Physical vs Virtual Datasets
CalabiIQ supports two kinds of datasets:
| Type | Definition | When to use |
|---|---|---|
| Physical | Points directly to a single table or view in a connected database | The data is already well-shaped in the warehouse |
| Virtual | Defined by a custom SQL query (a sub-select) | You need to join tables, filter rows, or derive columns before charting |
Creating a Physical Dataset
- Navigate to Data → Datasets in the top navigation.
- Click + Dataset.
- Select the Database from the dropdown.
- Select the Schema.
- Select the Table from the list of available tables.
- Click Add → Add dataset and create chart (to immediately build a chart) or Add dataset (to save without charting).
The new dataset appears in the Datasets list, ready to be explored.
Creating a Virtual Dataset
Use virtual datasets when you need a calculated or joined view that does not exist as a table in the database.
- Navigate to SQL → SQL Lab.
- Write a query that produces the shape you want to chart:
SELECT
DATE_TRUNC('month', exam_date) AS exam_month,
country_name,
COUNT(*) AS total_attempts,
SUM(CASE WHEN passed THEN 1 ELSE 0 END) AS passes,
ROUND(100.0 * SUM(CASE WHEN passed THEN 1 ELSE 0 END) / COUNT(*), 2) AS pass_rate
FROM psychometric_reporting.scores s
JOIN dim.candidates c ON c.candidate_id = s.candidate_id
WHERE exam_date >= '2025-01-01'
GROUP BY 1, 2
- Run the query to verify results.
- Click Explore in the Results toolbar.
- In the Chart Editor, click ··· → Save as dataset.
- Enter a Dataset name (e.g.,
Monthly Pass Rates by Country). - Click Save & Explore.
Use CTEs (WITH clauses) inside virtual dataset SQL to make the logic easy to read and modify later. The full SQL is stored and can be edited from the Dataset editor.
Editing a Dataset
- Navigate to Data → Datasets.
- Find the dataset and click the Edit (pencil) icon in the Actions column.

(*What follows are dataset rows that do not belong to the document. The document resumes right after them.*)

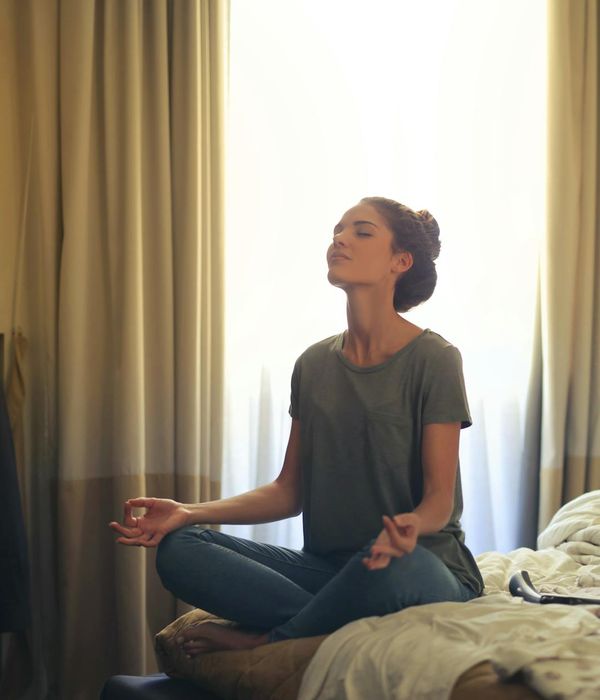 Woman sitting peacefully by a window in a meditative state.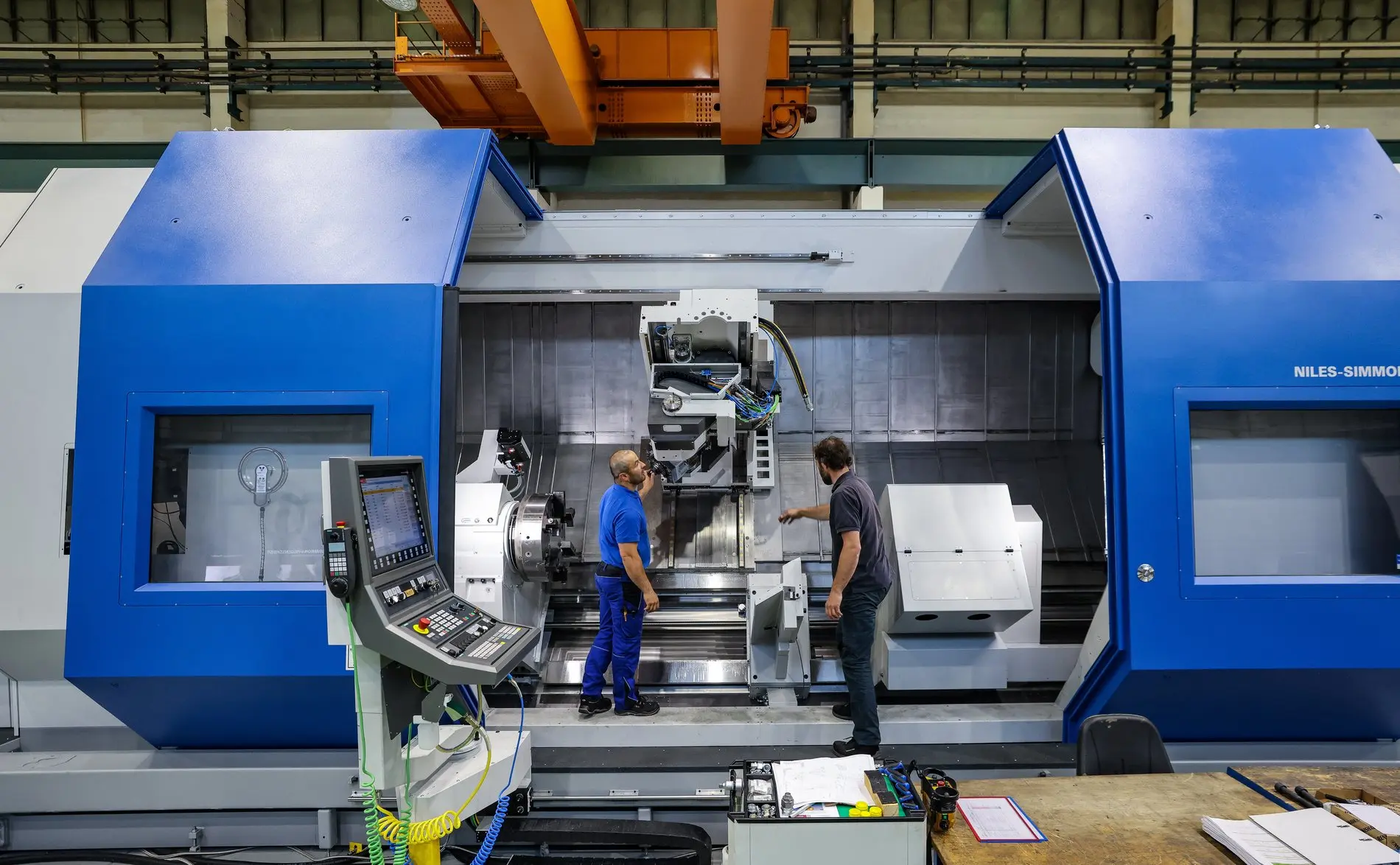 Zwei Mitarbeiter stehen an einer Industrieanlage, bedienen eine Maschine.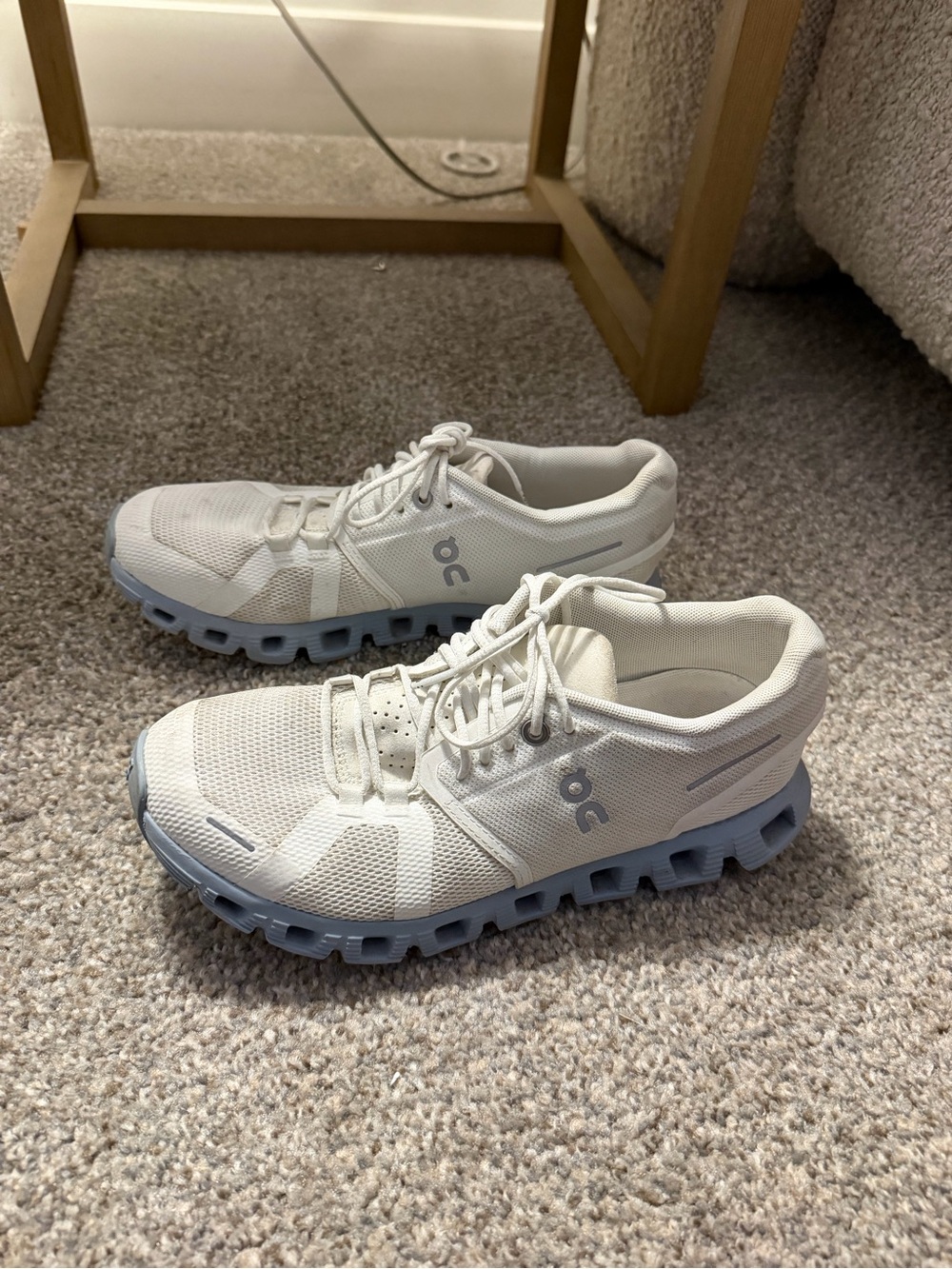 On Running Men’s Athletic Shoes in White with Light Blue Soles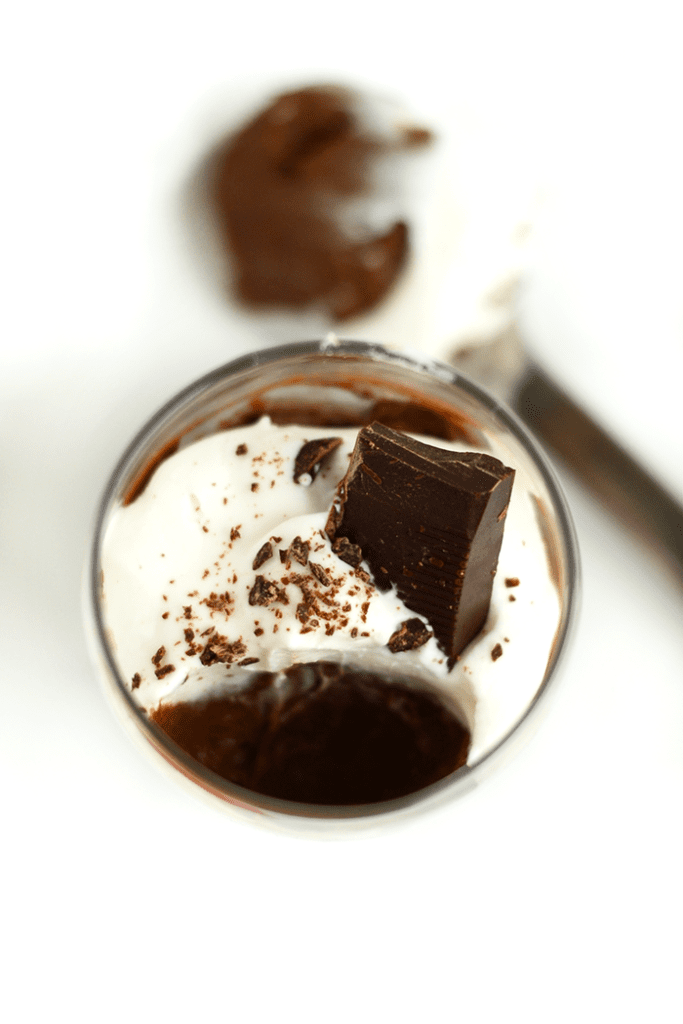 This Paleo Salted Dark Chocolate Mousse is made with an avocado and coconut base, sweetened with maple syrup, and topped off with Himalayan Sea Salt!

- The dataset editor opens with four tabs:
| Tab | What you configure |
|---|---|
| Source | Database, schema, table (physical) or SQL (virtual) |
| Metrics | Saved aggregation expressions |
| Columns | Column visibility, data types, descriptions, and temporal settings |
| Settings | Dataset name, description, cache timeout, certification status |
- Make your changes and click Save.
Columns Tab
The Columns tab is where you control how each column appears and behaves in the Chart Editor.
| Setting | Purpose |
|---|---|
| Column name | The raw column name from the database |
| Verbose name | A human-friendly label shown in chart dropdowns (e.g., exam_date → Exam Date) |
| Type | Data type override: STRING, NUMERIC, DATETIME, BOOLEAN |
| Is temporal | Mark as a date/time column so it appears in the Time filter |
| Is filterable | Allow this column to appear in dashboard filter dropdowns |
| Is dimension | Show in the Dimensions (Group By) selector |
| Default endpoint | URL to open when a user clicks on a value in a table chart |
| Description | Plain-text or Markdown description shown as a tooltip in chart editor |
Making a column a time column
If your table has a timestamp column not automatically detected:
- Open the dataset in edit mode.
- Go to the Columns tab.
- Find the column, click Edit.
- Set Type to
DATETIMEand check Is temporal. - Save.
Metrics Tab
Saved metrics let you define reusable aggregations once and use them across many charts.
| Field | Example |
|---|---|
| Metric name | pass_rate |
| Verbose name | Pass Rate (%) |
| Expression | ROUND(100.0 * SUM(CASE WHEN passed THEN 1 ELSE 0 END) / COUNT(*), 2) |
| Description | Percentage of exam attempts that resulted in a pass. |
See Metrics for the full guide to creating and certifying metrics.
Certifying a Dataset
Certification signals to other users that a dataset has been reviewed and is safe to use for reporting.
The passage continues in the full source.